9.スパイク「過去はどうあれ未来はあるだろ」
結局何も分からなかったフェイの過去に対して、スパイクは「どうでもいんじゃねえの」と言います。そして「あんたは過去があるからそう思うのよ」と返すフェイ。その後スパイクは上記のように返します。過去と未来。この何気ない台詞が最終話への伏線にもなっています。詳しくは最終話で考えてみたいと思います。

10.マジックで書かれたアインの眉毛
もしかしたらあまり深い意味はないのかもしれませんが、二案。

第15話は、アインの薄い眉毛でウィットニーを思い出した所から始まります。そう考えると、フェイはウィットニーの事を思い出さないようにと、アインに眉毛を書いたのではないでしょうか。しかしその場合、まだ過去を引きずているという印象を受けます。そこで次案。

上記・分解8の後、フェイはスパイクに分前をもらい少し微笑みます。その時スパイクは、ウィットニーを「ザコ中のザコ」と説明しています。修正、これはウィットニーというザコにこだわっていた自分が馬鹿らしく思えたからではなく、スパイクの「過去はどうあれ未来はあるだろ」という台詞を受けて前向になれたという笑顔だと思います。そこから過去にこだわっていた自分を吹っ切る意味で眉毛を書いた、と考えられるのではないでしょうか。その場合初めの案と違い、気持ちは未来を向いている感じになると思います。

11.SLEEPING BEAST
ラストで表示される言葉、今回はいつもと違います。この言葉、ダブルミーニングかもしれません。一つ目は、眠っているアイン「眠れる動物」という意味。二つ目は「スリーピング・ビューティ」に対しての「眠れるろくでなし」、フェイに対してのウィットニーということだと思います。ただし、スリーピング・ビーストという何かが存在し、別の意味があるという可能性も考えられます。
 

フェイの人物設定とロマニーについて

<第15話で明らかになった事>
すでに上記した内容ですが、改めてまとめます。

フェイがコールドスリープから目覚めたのは、今から三年前の2068年です。そしてコールドスリープされたのはそこから54年前、つまり2014年です。その時点で二十歳ということは、フェイは1994年生まれという事になります。そしてそこから計算すると、フェイの実年齢は77歳だという事が分かります。
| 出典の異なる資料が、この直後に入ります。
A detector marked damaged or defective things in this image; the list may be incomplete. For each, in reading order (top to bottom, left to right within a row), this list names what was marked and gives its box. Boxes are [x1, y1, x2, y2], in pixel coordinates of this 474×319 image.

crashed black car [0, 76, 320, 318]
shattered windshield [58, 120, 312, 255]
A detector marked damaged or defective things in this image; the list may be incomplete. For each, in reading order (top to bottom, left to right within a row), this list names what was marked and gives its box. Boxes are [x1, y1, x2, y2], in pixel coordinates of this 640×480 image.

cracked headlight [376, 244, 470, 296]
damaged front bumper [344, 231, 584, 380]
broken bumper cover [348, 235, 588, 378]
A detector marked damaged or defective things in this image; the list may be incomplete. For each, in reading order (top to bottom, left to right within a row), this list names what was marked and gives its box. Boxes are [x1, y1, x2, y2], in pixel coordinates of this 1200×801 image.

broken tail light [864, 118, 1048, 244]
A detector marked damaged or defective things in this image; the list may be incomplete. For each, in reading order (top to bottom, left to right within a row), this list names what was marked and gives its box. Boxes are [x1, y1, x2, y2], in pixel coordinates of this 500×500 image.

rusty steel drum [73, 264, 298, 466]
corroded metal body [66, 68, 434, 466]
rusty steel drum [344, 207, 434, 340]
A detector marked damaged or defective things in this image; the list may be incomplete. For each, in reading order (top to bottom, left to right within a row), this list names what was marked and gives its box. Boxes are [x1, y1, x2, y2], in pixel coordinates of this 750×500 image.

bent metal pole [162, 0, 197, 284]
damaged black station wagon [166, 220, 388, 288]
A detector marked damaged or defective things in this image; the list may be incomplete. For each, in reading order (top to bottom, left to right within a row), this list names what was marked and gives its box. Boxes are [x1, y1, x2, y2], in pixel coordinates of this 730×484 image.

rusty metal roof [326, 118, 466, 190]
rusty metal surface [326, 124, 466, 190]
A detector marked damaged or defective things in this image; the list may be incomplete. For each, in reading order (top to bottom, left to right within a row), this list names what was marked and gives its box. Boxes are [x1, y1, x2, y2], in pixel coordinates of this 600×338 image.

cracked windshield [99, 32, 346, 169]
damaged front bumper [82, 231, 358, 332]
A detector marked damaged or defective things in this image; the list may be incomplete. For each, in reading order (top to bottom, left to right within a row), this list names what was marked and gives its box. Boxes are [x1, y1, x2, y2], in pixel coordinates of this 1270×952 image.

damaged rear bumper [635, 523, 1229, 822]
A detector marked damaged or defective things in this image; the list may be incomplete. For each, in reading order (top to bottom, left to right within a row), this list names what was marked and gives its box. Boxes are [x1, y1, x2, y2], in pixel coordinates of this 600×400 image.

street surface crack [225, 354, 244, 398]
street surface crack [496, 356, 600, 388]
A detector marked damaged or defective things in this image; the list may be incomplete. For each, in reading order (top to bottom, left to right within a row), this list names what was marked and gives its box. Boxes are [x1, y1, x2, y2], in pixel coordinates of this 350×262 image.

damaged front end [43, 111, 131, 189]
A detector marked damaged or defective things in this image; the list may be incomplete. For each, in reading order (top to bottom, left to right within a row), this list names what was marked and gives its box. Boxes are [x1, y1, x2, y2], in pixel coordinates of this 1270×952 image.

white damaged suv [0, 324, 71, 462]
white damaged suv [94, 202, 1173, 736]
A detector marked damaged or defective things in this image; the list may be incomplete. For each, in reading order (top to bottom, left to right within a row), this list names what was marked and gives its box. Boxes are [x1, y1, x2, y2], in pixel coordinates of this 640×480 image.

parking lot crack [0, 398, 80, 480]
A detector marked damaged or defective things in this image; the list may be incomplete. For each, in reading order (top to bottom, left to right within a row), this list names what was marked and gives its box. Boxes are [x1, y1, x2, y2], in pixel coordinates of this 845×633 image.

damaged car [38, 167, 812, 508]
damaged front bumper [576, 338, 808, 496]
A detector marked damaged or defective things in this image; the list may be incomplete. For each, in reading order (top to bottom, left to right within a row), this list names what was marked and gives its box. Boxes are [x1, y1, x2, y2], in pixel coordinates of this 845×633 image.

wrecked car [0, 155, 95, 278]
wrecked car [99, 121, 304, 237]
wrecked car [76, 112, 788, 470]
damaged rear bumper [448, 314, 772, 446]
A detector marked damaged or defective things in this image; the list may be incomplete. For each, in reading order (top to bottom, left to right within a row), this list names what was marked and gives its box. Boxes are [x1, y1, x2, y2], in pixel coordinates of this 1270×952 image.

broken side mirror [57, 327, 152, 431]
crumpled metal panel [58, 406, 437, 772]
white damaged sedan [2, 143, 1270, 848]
そして本題。過去の記憶が欠落している事を考えると、フェイがロマニーかどうかかなり怪しくなってきます。本来なら、18話・24話まで引っ張りたい所ですが、このロマニーという単語は、これ以降登場しなくなってしまいますので、ここでやっつけておきます。

しかしまず、第3話で取りこぼした、この「ロマニー」と「ゴールジュ」に関して。

<ロマニーとゴールジュ>
第3話で、ロマニーとはジプシーの事で、ゴールジュとはそれ以外の誇りを持たない人々の事、と説明があります。これに関して若干の補足をしておきます。

まずこのジプシーですが、語源はエジプト人(egyptian)の頭が抜けて語尾がなまって、ジプシー(gypsy)になったと言われています。インディアンなどと同じく、現在では差別用語に分類され、おおやけでは使われる事はなくなりつつある言葉です。フランス語の「ジダン(gitan)」、スペイン語の「ヒタノ(gitano)」という呼び方も、同じエジプト人というのが語源になっています。

そしてジプシーは自分たちのことを「ロマ(roma)」複数形では「ロム(rom)」と呼びます。ロマ語で「人間」という意味です。そこからロマ人という事で「ロマニー(romany)」となります。ちなみに「romany」は単数名詞、複数形の場合「romanies」となります。(日本人は単数でも複数でもjapaneseなのに不思議です)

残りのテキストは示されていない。